Recovering the remaining oil in the subsurface is a basic common goal of producers and geoscientists.
To accomplish this, they must first identify the location of what is left to recover.
This effort can be especially challenging when dealing with unconventional reservoirs, where hydraulic fracturing and commingled production from differing horizons/formations are often the norm.
Enter “oil fingerprinting,” where geochemical differences between oil samples produced from different formations or zones can be used as natural tracers to quantify the contribution of each reservoir to a commingled production stream, explained AAPG member Mark McCaffrey, geoscience manager of interpretive services at Weatherford Laboratories in Dallas.
“The average black oil has more than 100,000 different compounds, and we measure about a thousand of them,” McCaffrey said. “Two different oils could be 99-percent similar in composition and still have 50 differences, so you can easily tell one oil from another – it’s like a fingerprint.”
This low cost oil “fingerprinting” method has long been used to geochemically allocate commingled production from conventional reservoirs.
It also has key applications for unconventional reservoir development.
Characterizing fracture height, for example, is a big deal.
An operator can determine if hydraulically-induced fractures have propagated out of the formation containing a lateral wellbore and into an overlying or underlying pay zone, resulting in commingling of oil produced from different reservoirs. In other words, determine if the fracture(s) outgrew its anticipated length.

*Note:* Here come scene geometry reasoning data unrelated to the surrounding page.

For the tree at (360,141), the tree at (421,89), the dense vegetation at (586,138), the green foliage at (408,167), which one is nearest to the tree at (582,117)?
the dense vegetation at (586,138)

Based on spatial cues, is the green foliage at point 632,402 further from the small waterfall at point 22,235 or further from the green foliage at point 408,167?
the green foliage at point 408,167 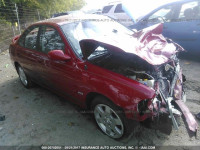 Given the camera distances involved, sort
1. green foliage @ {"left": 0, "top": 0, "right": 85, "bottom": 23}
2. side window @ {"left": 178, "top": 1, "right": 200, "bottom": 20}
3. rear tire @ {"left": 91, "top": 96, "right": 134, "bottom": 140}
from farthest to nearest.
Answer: green foliage @ {"left": 0, "top": 0, "right": 85, "bottom": 23} < side window @ {"left": 178, "top": 1, "right": 200, "bottom": 20} < rear tire @ {"left": 91, "top": 96, "right": 134, "bottom": 140}

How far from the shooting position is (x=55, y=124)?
2996 millimetres

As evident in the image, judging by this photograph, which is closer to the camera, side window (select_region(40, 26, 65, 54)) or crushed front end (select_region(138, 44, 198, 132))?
crushed front end (select_region(138, 44, 198, 132))

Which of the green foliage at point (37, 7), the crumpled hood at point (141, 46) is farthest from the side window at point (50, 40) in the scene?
the green foliage at point (37, 7)

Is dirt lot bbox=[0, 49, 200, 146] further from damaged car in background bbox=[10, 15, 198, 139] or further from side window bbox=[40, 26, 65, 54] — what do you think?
side window bbox=[40, 26, 65, 54]

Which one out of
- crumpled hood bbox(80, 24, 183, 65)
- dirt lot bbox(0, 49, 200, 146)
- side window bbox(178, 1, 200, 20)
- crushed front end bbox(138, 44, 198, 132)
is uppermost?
side window bbox(178, 1, 200, 20)

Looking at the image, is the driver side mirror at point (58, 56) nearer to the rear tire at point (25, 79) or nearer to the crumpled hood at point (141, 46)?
the crumpled hood at point (141, 46)

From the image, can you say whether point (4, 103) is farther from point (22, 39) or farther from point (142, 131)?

Oil fingerprinting enables the operator to define what percentage of production is being sourced from each zone contacted by the induced fractures. This information, in turn, impacts the strategy for developing each of the horizons in the prospect.
In some instances, this quantitative allocation of individual pay zones to the commingled production stream is needed for royalty/tax calculations.
Then there’s the issue of identifying “cross-talk,” where induced fracture networks from separate wells completed in adjacent formations hook up with each other. This can occur when one well is drilled nearby another with each completed in a different formation, based on the belief that the fractures in the second well won’t be long enough to tie in with the fractures from the first.
The geochemistry of the oils produced from the two wells will indicate if “cross-talk” is occurring.
So, you ask, if you don’t want to deal with unanticipated occurrences like fracture system hookups and such, why not just space the wells a bit farther apart?
This may sound like a no-brainer, but there are other considerations that go into that decision.
For starters, operators like to drill wells close together for a number of reasons, both practical and financial.
Then there’s the likely fallout from retracting an announced plan to drill, say, 500 wells in a certain play over the course of the coming year. Suddenly declaring that the plan has been scaled back by half would have repercussions best avoided.
Oil fingerprinting can be used to decide if increased spacing is truly needed.
How It’s Done
Overall, oil fingerprinting follows a somewhat simple blueprint.
The procedure begins with dead oil samples collected at the earth’s surface using glass jars with Teflon-lined lids. The dead oil is evaluated using high-resolution gas chromatography (HRGC) to determine the abundance of the different compounds. Between 200 and 250 natural tracers are typically identified during an oil fingerprinting project, said McCaffrey.
“A key challenge in each project is the need to have a sample of oil that is certain to come from each zone,” he said. “These single zone pure oils are called end-member samples, and there are some great strategies the operator can use to collect these samples, which we use to calibrate each project.
“The relative contribution of each end-member oil sample to a commingled sample is calculated using a linear-algebra solution of simultaneous equations, where the number of equations equals the number of natural tracers,” he noted. “The accuracy of an allocation estimate is very high.”
He emphasized also that geochemical production allocation is dramatically less expensive than production logging and can be used in situations where production logging cannot be applied. For example, it can’t be used to assess the fracture height given that the logging tool cannot traverse upward through the fracture.
The relative low cost for the geochemical methodology allows field engineers to monitor output frequently over lengthy time periods. This enables the operator to stay on top of the individual zones’ changing contribution to the production stream.